[Stored data]
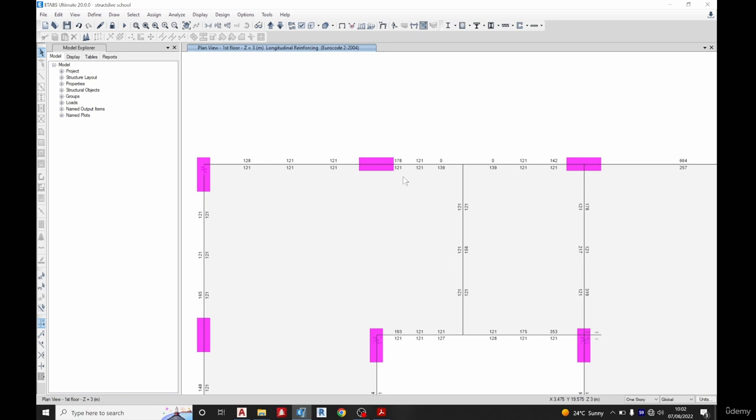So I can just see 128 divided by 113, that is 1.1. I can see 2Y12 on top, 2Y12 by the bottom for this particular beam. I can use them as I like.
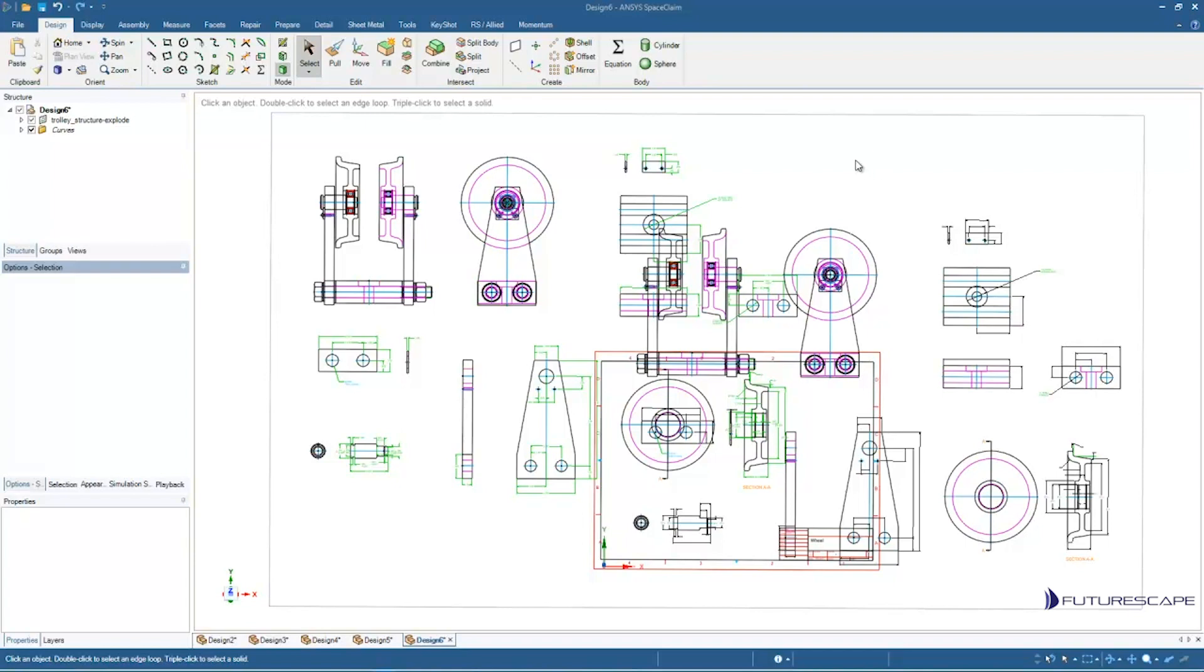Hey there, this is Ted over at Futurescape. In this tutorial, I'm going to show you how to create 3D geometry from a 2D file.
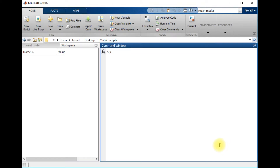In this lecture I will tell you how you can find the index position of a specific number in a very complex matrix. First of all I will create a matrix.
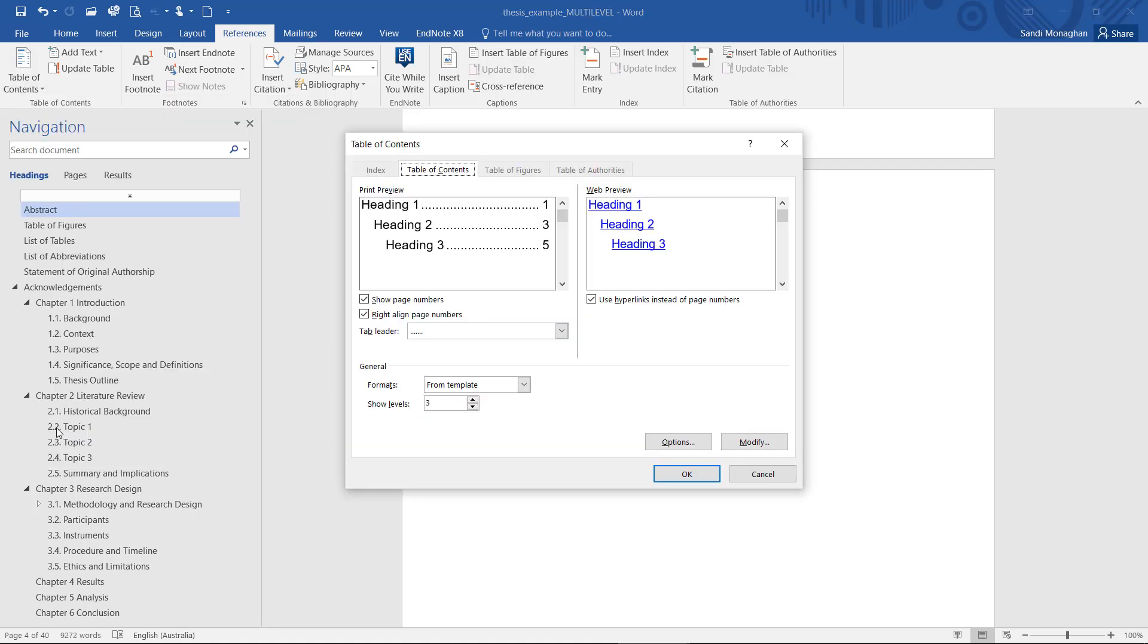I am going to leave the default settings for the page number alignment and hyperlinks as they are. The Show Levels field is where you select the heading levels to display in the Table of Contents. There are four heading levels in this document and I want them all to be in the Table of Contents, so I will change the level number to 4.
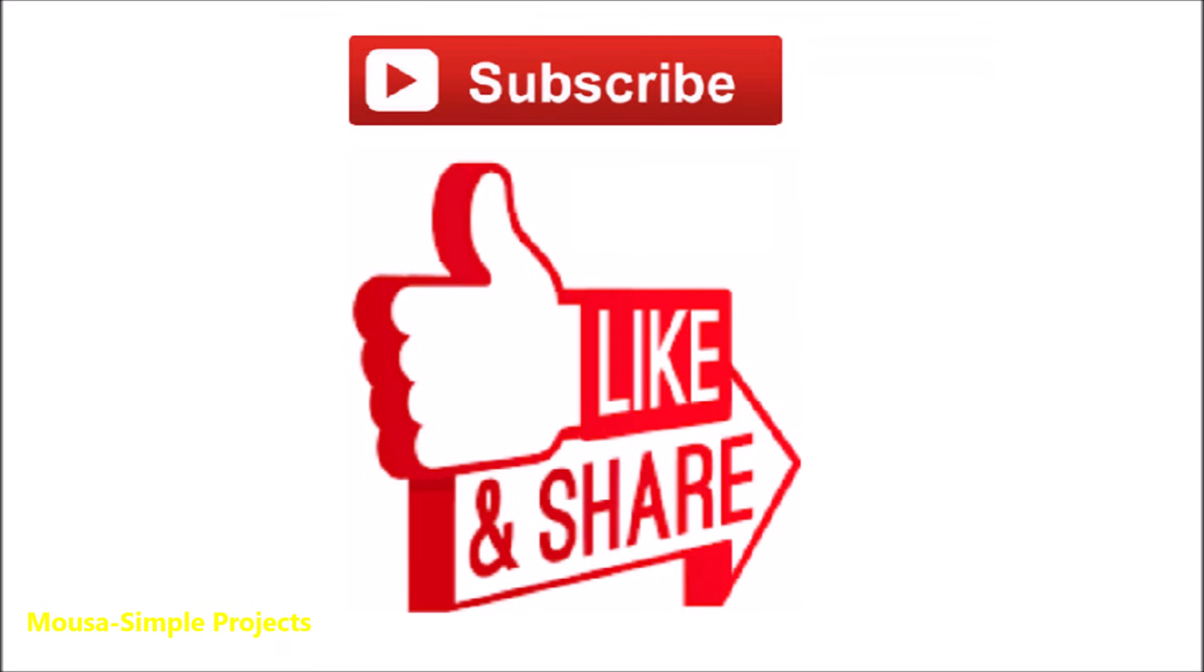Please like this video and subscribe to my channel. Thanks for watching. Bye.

◆ Task item
Leave out any pictures, please, and quote only the lines from the top of the data through the line that contains "Hey there, this".

◆ Exercise response
So I can just see 128 divided by 113, that is 1.1. I can see 2Y12 on top, 2Y12 by the bottom for this particular beam. I can use them as I like.
Hey there, this is Ted over at Futurescape. In this tutorial, I'm going to show you how to create 3D geometry from a 2D file.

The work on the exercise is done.